Start of MATERIALS PROVIDED
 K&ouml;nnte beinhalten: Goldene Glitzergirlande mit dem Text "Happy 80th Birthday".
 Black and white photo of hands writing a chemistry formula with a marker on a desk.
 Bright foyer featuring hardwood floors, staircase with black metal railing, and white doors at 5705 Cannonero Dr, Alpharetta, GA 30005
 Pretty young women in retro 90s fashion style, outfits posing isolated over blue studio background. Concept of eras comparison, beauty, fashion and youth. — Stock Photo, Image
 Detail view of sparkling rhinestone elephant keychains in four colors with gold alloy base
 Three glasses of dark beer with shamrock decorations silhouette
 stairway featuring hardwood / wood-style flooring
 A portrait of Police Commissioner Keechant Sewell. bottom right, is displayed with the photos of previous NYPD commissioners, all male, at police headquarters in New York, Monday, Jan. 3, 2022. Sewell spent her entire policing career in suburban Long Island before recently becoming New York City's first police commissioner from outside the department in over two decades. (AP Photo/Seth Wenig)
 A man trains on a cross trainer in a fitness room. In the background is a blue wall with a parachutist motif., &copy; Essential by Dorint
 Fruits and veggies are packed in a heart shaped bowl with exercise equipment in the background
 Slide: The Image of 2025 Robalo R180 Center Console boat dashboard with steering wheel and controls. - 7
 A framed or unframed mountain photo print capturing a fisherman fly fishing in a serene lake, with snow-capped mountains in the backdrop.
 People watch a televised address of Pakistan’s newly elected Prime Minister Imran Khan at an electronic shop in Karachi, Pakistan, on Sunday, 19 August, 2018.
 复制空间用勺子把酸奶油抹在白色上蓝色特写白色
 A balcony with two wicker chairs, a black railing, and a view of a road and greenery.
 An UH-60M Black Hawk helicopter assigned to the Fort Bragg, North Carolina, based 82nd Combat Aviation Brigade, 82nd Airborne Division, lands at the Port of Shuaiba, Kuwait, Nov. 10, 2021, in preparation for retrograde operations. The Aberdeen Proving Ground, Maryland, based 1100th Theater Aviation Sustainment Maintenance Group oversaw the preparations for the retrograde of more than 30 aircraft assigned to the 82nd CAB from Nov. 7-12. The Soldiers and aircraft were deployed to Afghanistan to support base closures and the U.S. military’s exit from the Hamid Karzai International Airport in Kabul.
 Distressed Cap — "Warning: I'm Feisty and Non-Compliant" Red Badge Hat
End of MATERIALS PROVIDED
__EXERCISE__
Could you transcribe all of the data exactly as it is given?

__PROBLEM SOLUTION__
 K&ouml;nnte beinhalten: Goldene Glitzergirlande mit dem Text "Happy 80th Birthday".
 Black and white photo of hands writing a chemistry formula with a marker on a desk.
 Bright foyer featuring hardwood floors, staircase with black metal railing, and white doors at 5705 Cannonero Dr, Alpharetta, GA 30005
 Pretty young women in retro 90s fashion style, outfits posing isolated over blue studio background. Concept of eras comparison, beauty, fashion and youth. — Stock Photo, Image
 Detail view of sparkling rhinestone elephant keychains in four colors with gold alloy base
 Three glasses of dark beer with shamrock decorations silhouette
 stairway featuring hardwood / wood-style flooring
 A portrait of Police Commissioner Keechant Sewell. bottom right, is displayed with the photos of previous NYPD commissioners, all male, at police headquarters in New York, Monday, Jan. 3, 2022. Sewell spent her entire policing career in suburban Long Island before recently becoming New York City's first police commissioner from outside the department in over two decades. (AP Photo/Seth Wenig)
 A man trains on a cross trainer in a fitness room. In the background is a blue wall with a parachutist motif., &copy; Essential by Dorint
 Fruits and veggies are packed in a heart shaped bowl with exercise equipment in the background
 Slide: The Image of 2025 Robalo R180 Center Console boat dashboard with steering wheel and controls. - 7
 A framed or unframed mountain photo print capturing a fisherman fly fishing in a serene lake, with snow-capped mountains in the backdrop.
 People watch a televised address of Pakistan’s newly elected Prime Minister Imran Khan at an electronic shop in Karachi, Pakistan, on Sunday, 19 August, 2018.
 复制空间用勺子把酸奶油抹在白色上蓝色特写白色
 A balcony with two wicker chairs, a black railing, and a view of a road and greenery.
 An UH-60M Black Hawk helicopter assigned to the Fort Bragg, North Carolina, based 82nd Combat Aviation Brigade, 82nd Airborne Division, lands at the Port of Shuaiba, Kuwait, Nov. 10, 2021, in preparation for retrograde operations. The Aberdeen Proving Ground, Maryland, based 1100th Theater Aviation Sustainment Maintenance Group oversaw the preparations for the retrograde of more than 30 aircraft assigned to the 82nd CAB from Nov. 7-12. The Soldiers and aircraft were deployed to Afghanistan to support base closures and the U.S. military’s exit from the Hamid Karzai International Airport in Kabul.
 Distressed Cap — "Warning: I'm Feisty and Non-Compliant" Red Badge Hat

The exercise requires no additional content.